DATA LISTING Start Marker
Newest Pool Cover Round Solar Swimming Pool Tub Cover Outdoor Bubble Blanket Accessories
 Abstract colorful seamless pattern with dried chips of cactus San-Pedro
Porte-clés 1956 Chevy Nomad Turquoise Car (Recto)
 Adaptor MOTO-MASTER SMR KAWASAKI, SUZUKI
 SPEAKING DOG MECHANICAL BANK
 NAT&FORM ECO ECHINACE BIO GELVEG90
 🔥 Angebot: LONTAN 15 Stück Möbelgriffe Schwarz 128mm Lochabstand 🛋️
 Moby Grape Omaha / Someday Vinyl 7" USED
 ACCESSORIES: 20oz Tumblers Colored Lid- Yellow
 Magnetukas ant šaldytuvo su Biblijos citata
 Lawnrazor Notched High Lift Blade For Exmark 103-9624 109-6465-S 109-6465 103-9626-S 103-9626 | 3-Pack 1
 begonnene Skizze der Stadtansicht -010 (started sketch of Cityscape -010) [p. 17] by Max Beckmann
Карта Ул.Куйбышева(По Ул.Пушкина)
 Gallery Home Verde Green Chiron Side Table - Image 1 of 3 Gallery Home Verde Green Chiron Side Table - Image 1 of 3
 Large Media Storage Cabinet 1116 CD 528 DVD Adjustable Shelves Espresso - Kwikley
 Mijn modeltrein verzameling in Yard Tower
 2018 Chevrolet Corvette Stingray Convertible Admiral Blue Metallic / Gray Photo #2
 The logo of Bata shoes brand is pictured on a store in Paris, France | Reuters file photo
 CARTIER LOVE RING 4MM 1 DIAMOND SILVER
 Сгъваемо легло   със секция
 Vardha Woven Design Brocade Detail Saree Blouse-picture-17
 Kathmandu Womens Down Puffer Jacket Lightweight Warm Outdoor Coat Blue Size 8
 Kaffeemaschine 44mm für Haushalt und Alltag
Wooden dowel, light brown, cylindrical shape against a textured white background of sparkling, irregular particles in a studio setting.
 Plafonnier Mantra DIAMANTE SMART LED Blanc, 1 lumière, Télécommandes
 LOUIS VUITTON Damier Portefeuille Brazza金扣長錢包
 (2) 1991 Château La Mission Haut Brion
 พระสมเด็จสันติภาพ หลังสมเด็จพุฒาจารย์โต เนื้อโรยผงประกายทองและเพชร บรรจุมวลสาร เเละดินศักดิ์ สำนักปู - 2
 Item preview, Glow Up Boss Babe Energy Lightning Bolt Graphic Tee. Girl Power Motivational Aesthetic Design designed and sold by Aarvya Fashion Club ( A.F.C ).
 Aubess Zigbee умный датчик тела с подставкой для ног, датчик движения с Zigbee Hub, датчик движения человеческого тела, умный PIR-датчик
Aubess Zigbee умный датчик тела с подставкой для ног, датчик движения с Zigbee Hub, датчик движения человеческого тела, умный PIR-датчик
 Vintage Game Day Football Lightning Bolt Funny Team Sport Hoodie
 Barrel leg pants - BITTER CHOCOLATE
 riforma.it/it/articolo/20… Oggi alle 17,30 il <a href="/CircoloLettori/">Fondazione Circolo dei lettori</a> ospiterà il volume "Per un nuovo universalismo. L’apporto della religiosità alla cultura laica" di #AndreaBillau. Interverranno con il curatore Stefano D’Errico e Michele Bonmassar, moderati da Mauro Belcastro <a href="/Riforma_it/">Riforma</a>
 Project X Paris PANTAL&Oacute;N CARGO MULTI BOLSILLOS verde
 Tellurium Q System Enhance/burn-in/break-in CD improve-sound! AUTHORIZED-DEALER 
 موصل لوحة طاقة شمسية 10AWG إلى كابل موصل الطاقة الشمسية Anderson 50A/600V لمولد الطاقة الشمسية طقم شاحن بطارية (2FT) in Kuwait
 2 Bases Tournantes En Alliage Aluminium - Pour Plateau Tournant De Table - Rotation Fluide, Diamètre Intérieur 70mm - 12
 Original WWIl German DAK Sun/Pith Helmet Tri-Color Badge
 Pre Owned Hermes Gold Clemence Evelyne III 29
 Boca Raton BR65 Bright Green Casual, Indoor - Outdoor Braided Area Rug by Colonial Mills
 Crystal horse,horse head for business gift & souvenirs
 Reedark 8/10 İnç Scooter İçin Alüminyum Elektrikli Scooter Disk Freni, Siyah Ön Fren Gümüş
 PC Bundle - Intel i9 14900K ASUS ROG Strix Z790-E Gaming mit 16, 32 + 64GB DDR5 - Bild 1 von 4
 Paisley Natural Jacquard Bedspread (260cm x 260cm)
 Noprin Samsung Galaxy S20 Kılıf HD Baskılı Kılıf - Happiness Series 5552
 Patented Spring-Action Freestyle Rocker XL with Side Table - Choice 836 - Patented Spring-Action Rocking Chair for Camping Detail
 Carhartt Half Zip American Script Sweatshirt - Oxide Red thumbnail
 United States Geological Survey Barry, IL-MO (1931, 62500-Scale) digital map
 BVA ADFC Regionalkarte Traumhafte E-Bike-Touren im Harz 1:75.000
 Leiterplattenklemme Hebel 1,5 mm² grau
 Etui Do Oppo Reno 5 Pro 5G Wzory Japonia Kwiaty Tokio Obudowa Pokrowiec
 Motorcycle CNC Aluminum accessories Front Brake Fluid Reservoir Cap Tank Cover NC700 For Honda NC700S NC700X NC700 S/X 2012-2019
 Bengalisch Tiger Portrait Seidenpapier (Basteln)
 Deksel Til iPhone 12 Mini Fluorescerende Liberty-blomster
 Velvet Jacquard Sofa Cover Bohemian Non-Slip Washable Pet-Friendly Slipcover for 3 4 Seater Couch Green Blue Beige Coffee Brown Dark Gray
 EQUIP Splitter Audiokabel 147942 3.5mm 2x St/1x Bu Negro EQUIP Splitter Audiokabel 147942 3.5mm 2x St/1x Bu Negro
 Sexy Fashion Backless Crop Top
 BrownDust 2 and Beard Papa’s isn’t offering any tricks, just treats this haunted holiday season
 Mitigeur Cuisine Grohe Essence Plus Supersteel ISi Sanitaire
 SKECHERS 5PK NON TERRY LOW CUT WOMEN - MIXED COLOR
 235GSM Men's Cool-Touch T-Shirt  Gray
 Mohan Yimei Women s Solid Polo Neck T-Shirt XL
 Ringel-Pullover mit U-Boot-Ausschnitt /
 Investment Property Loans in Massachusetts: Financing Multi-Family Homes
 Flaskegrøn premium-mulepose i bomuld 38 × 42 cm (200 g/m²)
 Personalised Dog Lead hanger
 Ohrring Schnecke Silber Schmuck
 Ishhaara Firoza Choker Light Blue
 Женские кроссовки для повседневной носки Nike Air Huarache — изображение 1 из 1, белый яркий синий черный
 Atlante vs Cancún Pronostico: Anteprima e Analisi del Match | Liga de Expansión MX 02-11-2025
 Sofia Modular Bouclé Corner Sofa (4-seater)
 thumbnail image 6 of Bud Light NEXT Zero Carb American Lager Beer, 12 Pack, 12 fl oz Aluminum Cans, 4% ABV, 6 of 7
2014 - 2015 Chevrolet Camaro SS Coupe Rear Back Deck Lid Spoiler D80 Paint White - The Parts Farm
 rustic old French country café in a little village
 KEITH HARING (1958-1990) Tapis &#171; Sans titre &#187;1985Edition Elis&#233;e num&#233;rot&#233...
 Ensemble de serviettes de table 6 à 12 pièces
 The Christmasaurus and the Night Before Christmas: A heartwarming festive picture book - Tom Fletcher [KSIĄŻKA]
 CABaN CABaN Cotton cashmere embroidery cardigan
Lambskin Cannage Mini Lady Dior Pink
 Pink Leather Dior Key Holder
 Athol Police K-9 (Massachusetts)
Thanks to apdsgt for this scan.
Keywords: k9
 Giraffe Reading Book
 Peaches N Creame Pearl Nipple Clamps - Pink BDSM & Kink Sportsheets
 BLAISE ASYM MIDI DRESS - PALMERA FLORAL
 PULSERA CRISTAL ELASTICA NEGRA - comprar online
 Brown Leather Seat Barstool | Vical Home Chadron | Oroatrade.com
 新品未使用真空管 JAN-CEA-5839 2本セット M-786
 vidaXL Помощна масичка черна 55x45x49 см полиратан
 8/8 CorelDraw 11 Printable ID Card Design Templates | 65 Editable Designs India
DATA LISTING End Marker
Every line above that holds the word "Paris" is to be found and copied.

 The logo of Bata shoes brand is pictured on a store in Paris, France | Reuters file photo
 Project X Paris PANTAL&Oacute;N CARGO MULTI BOLSILLOS verde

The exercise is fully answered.